Yes, she’d been recovering from being kidnapped and subsequently spending a week locked in a shipping container, facing horrors previously unimaginable to her. She’d struggled with self-doubt, as if she were somehow to blame for her own abduction; nightmares plagued her every night; and during the day, panic attacks came out of seemingly nowhere.

However, mixed in with the bad days, there had been good ones. Through it all, Luisa’s bravery amazed me. While the therapist I’d engaged to assist with her recovery shared little to nothing with me, what she did say was that Luisa’s progress astounded even her.

I recognized I was feeling pathetically sorry for myself, but I couldn’t help it. I ached with missing her, and each time I closed my eyes and saw her smiling face gazing back at me, I wanted to throttle my insensitive brother.

“Good morning,” Luisa said when she answered my daily call.

“Good morning to you. How’s the weather inland?” It was the way we began each of our first conversations of the day for the last eight—since she’d left Seahorse.

“Sunny and beautiful. What’s it like at the beach?”

“Cloudy, overcast, and downright miserable,” I said. However, the misery resided more within me than with the weather. “What do you feel like doing today?”

“Jada is coming over for breakfast, then Dr. Benedict.”

“I see. I suppose, then, I should attempt to get some work done.”

“Can you visit this afternoon?”

“It would be my pleasure. Don’t forget another episode of our duke and his diamond airs this evening. Shall I bring dinner along with me?”

“Sorcha will not be happy if you do. As for me, I’d gladly skip a meal.”

“She’d notice and feed you twice as much tomorrow,” I teased.

“You’re right. It’s her life’s ambition to make me fat.”

“It eases the pain of missing you, knowing she and Laird are taking such good care of you.”

“I doubt you miss me, Press. You see me every day. If you were honest, you’d admit you’re getting sick of me.”

“I never would. Even after a lifetime of daily visits.”

Even without being able to see her, I knew her cheeks were flushed and she was smiling.

I braced myself for the question that would inevitably come, wishing she would stop asking.

“Um, how’s Beau? Are he and Daphne still at Seahorse?”

“They are not. They left this morning for Napa.”

“Oh…Well, you must be glad to have the place to yourself.”
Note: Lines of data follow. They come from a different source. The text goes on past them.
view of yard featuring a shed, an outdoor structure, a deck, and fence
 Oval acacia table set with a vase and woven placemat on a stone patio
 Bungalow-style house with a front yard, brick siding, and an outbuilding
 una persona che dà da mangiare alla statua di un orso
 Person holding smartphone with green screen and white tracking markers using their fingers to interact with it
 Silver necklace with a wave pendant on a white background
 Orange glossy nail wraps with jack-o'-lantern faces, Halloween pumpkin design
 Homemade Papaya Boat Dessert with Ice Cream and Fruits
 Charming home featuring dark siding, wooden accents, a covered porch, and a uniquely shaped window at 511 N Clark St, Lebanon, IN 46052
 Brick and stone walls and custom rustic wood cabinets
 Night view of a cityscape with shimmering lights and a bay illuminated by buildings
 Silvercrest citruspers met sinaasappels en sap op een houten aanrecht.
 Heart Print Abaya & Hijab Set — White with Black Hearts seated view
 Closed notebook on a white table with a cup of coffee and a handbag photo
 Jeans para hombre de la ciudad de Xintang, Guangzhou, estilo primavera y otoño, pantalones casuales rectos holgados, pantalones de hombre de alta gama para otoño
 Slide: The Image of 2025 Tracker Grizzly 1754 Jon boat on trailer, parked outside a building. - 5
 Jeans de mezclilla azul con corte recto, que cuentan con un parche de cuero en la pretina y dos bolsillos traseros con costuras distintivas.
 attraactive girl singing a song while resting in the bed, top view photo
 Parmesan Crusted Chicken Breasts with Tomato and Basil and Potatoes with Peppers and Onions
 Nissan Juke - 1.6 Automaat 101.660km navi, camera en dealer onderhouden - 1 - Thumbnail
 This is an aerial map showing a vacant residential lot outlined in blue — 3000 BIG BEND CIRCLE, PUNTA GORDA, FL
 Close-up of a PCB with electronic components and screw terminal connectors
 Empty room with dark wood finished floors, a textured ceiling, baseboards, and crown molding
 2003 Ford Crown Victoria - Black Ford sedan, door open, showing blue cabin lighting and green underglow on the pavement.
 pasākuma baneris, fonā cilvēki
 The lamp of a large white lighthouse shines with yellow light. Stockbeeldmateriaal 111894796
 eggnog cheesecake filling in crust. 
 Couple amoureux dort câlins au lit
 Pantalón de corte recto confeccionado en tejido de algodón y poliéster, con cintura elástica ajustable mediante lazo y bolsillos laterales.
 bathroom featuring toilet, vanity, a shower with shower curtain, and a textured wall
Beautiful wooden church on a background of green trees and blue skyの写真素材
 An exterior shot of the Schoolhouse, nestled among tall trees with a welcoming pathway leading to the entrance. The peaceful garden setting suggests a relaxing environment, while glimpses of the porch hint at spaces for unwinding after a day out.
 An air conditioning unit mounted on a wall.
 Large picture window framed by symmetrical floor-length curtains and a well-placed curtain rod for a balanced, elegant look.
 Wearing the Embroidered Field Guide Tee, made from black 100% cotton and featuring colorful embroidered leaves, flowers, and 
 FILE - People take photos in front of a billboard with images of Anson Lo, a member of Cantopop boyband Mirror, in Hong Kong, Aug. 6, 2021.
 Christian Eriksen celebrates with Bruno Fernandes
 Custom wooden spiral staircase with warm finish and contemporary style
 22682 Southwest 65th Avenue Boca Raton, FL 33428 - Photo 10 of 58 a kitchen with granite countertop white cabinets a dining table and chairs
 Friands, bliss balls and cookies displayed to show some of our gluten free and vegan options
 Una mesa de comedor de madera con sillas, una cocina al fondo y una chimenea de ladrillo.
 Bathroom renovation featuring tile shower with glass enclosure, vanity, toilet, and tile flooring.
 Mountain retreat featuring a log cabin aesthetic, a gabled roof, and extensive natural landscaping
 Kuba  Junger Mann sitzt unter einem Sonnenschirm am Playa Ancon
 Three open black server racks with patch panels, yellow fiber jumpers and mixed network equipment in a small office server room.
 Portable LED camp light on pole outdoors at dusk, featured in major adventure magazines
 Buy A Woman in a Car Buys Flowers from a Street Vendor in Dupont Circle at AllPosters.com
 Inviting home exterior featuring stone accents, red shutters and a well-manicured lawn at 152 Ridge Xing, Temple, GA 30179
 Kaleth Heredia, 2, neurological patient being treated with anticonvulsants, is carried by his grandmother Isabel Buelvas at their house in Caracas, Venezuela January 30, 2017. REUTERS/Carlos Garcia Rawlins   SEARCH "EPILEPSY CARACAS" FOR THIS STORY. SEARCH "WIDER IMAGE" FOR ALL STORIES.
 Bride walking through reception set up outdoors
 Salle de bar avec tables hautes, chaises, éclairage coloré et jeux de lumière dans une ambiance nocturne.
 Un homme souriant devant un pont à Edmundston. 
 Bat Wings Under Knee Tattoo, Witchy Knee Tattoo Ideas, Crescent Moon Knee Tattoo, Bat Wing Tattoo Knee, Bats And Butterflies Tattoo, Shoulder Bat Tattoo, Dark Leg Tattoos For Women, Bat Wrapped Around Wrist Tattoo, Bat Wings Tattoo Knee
“Not at all. In fact, if you wanted to come back—”

“Hang on, I think Jada just pulled in.”

“You go ahead and greet her. I’ll see you this afternoon.”

“Thanks, Press,” she said right before I heard the chimes of the call ending.

8

LUISA

“Were you talking to Press?” Jada asked when I opened the front door of the cottage where my mom and I had spent the last few nights.